Trump’s victory means Project 2025. Can our economy survive?


Trump’s 2018 tariffs pushed the Midwest to the brink of recession in 2019. Get ready to learn more.

President-elect Donald Trump will inherit what I believe to be the strongest national economy in 50 years. Job growth, wage growth, and GDP growth are all strong, and inflation has returned to normal. We could be in the middle of a long expansion.

It is not difficult to assess which policy choices Trump will prefer. Project 2025, which I have written about, will tell us what we need to know about economic and fiscal policy. This is a detailed roadmap that will guide much of what happens in the executive branch in the years to come. A large part of the 2025 project, but not all, will have to be respected by the House and the Senate. This seems unlikely, at least until the next election.
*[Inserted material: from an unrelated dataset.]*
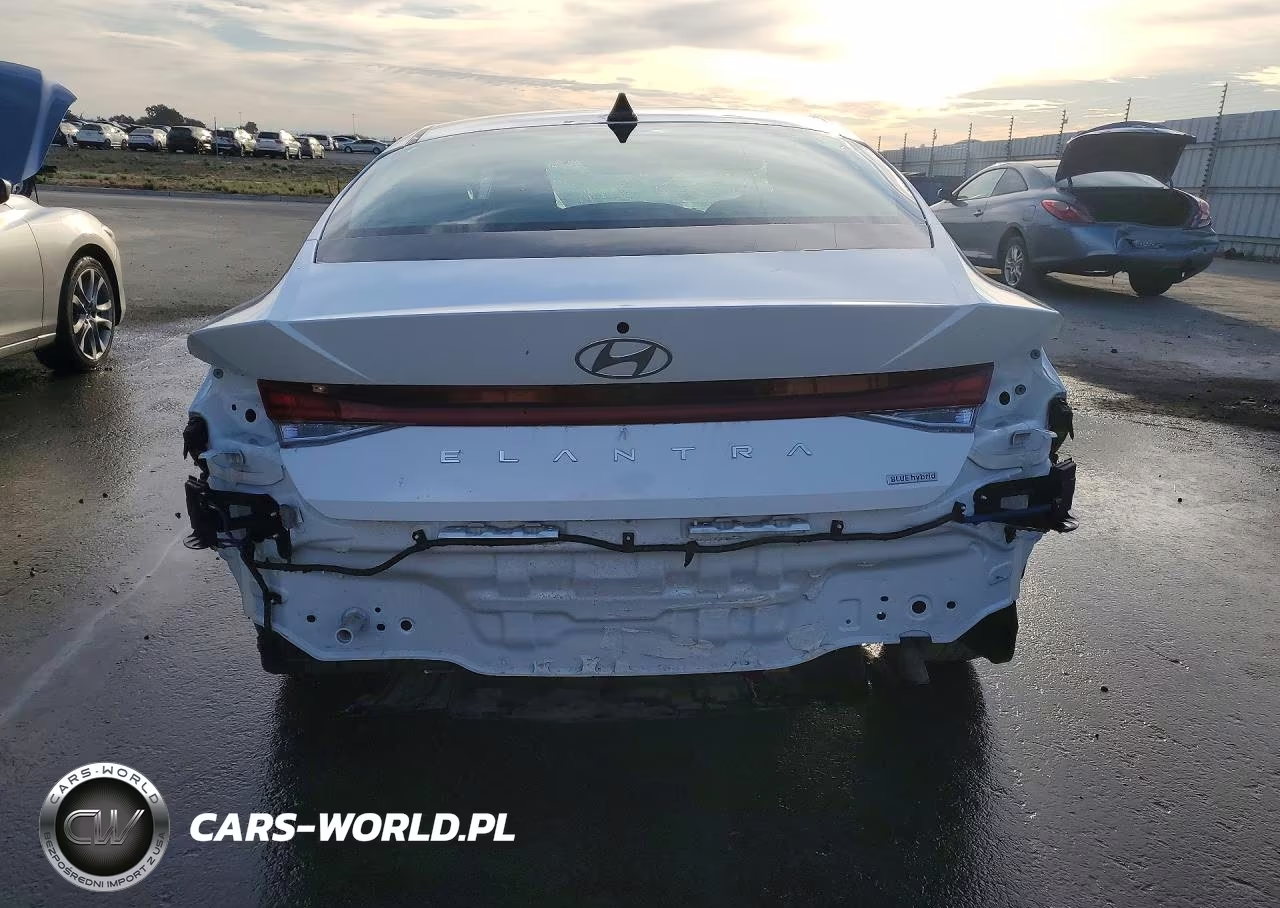 2026 Hyundai Elantra Hybrid Blue VIN:KMHLM4DJ2TU205629 - 6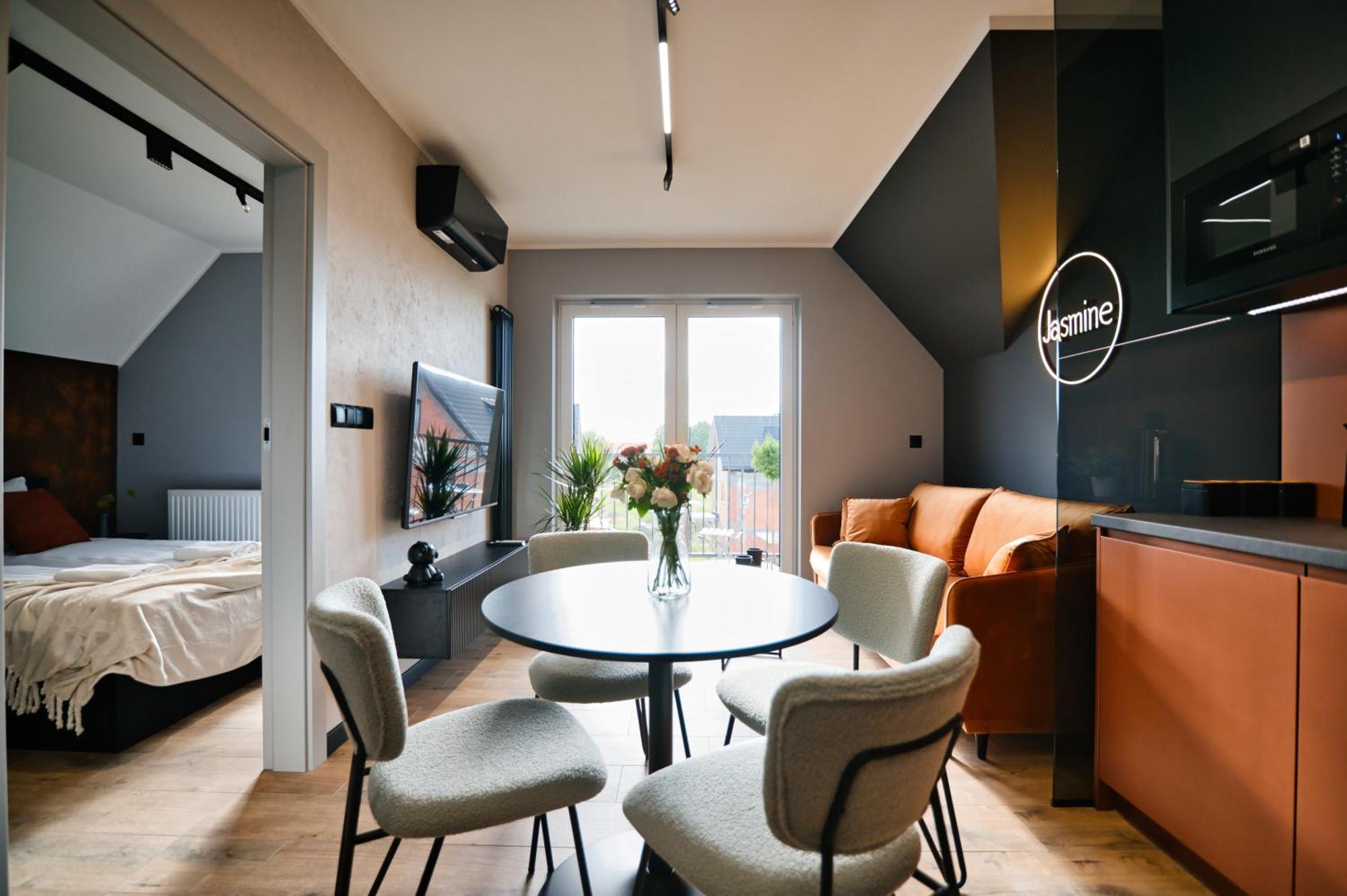 Jasmine By Housine Aparthotel Zator Exteriör bild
Project 2025 leads us to expect a sharp increase in the number of political appointees in public service, from 4,000 to 20,000, which seems possible without support from Congress. With this, we will see efforts to pressure states to expand universal school vouchers, reduce environmental regulations, and increase energy production on federal lands.

Much of this will not happen because it falls under the purview of state governments or will be tied up in the courts for years. Whether we like these changes or not, don’t expect them all in four years.

Of course, this depends on the next administration’s compliance with the Constitution, an admittedly dubious proposition.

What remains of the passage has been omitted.